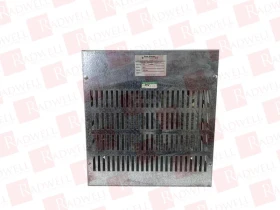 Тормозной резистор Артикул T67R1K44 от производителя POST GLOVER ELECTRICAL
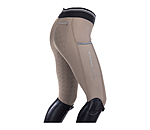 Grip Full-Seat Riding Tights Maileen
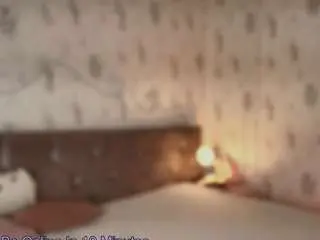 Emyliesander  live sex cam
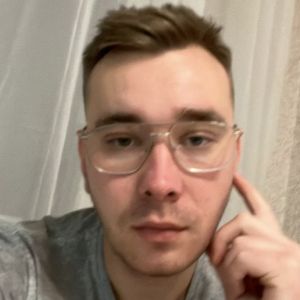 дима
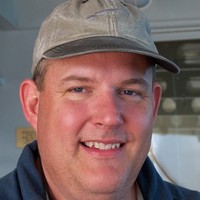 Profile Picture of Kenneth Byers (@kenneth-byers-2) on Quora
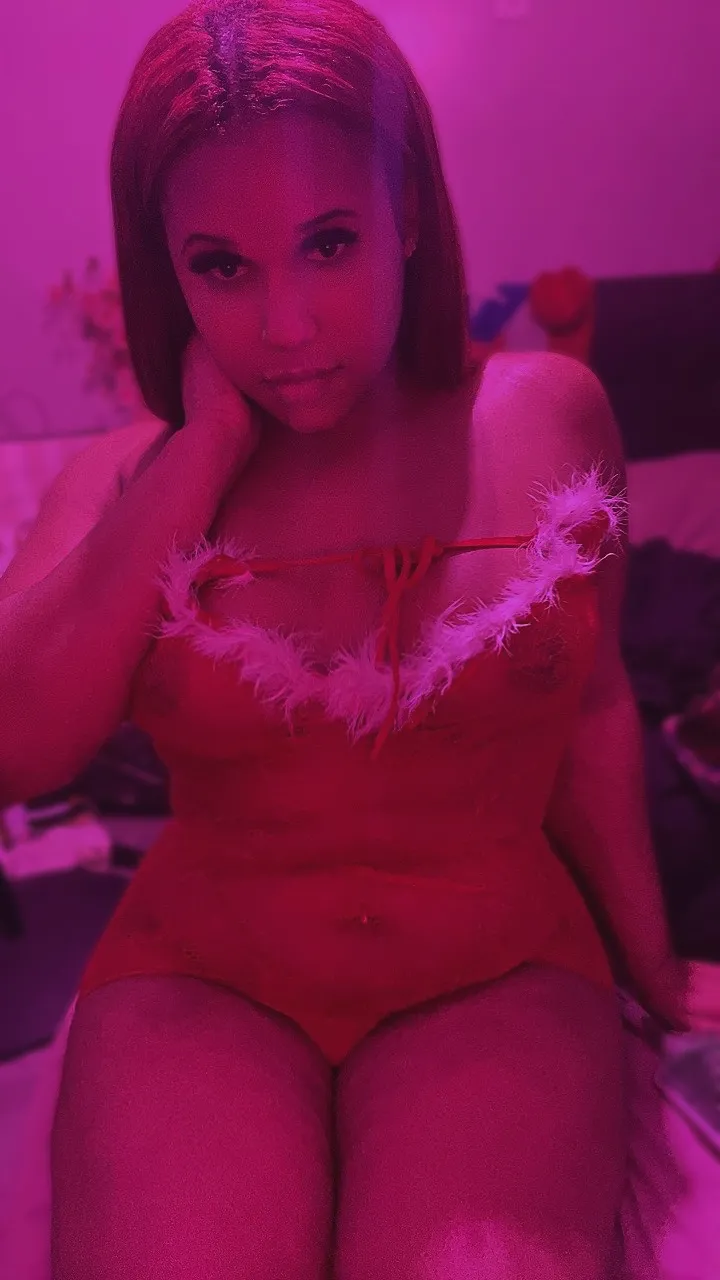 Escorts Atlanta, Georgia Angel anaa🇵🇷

________________________________________

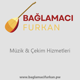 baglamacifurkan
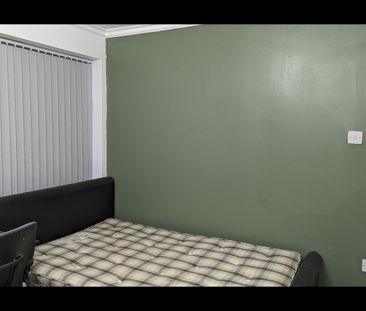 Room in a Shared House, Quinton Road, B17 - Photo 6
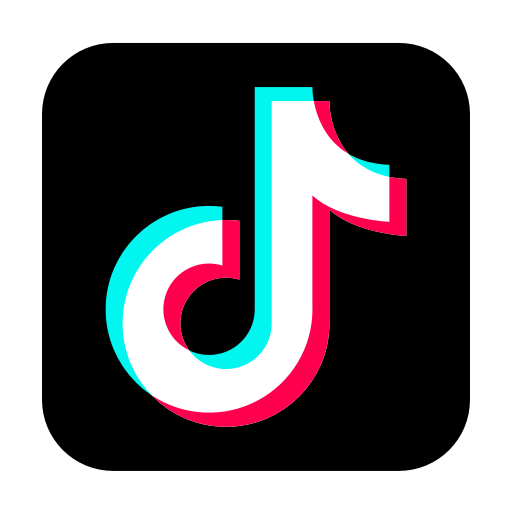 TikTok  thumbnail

________________________________________

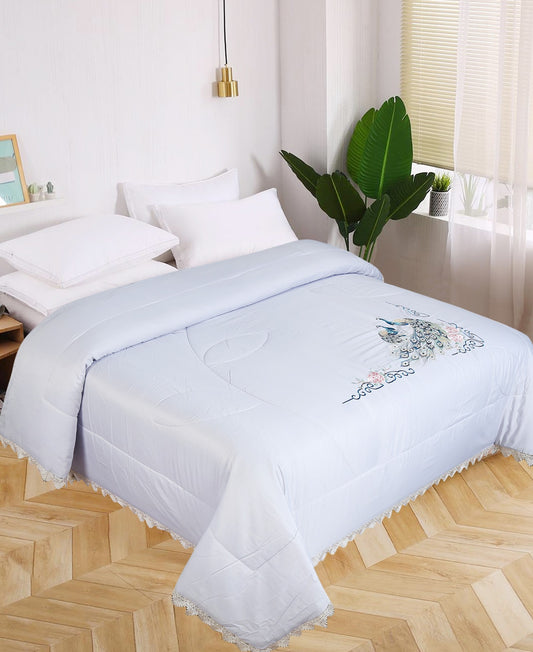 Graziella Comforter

________________________________________

# TASK TO CARRY OUT
Above are some entries. Restate word for word the lines from the one holding "Grip Full-Seat Riding Tights Maileen" through the one holding "Escorts Atlanta, Georgia Angel anaa🇵🇷", but not the pictures.

# EXERCISE RESULT
 Grip Full-Seat Riding Tights Maileen
 Emyliesander  live sex cam
 дима
 Profile Picture of Kenneth Byers (@kenneth-byers-2) on Quora
 Escorts Atlanta, Georgia Angel anaa🇵🇷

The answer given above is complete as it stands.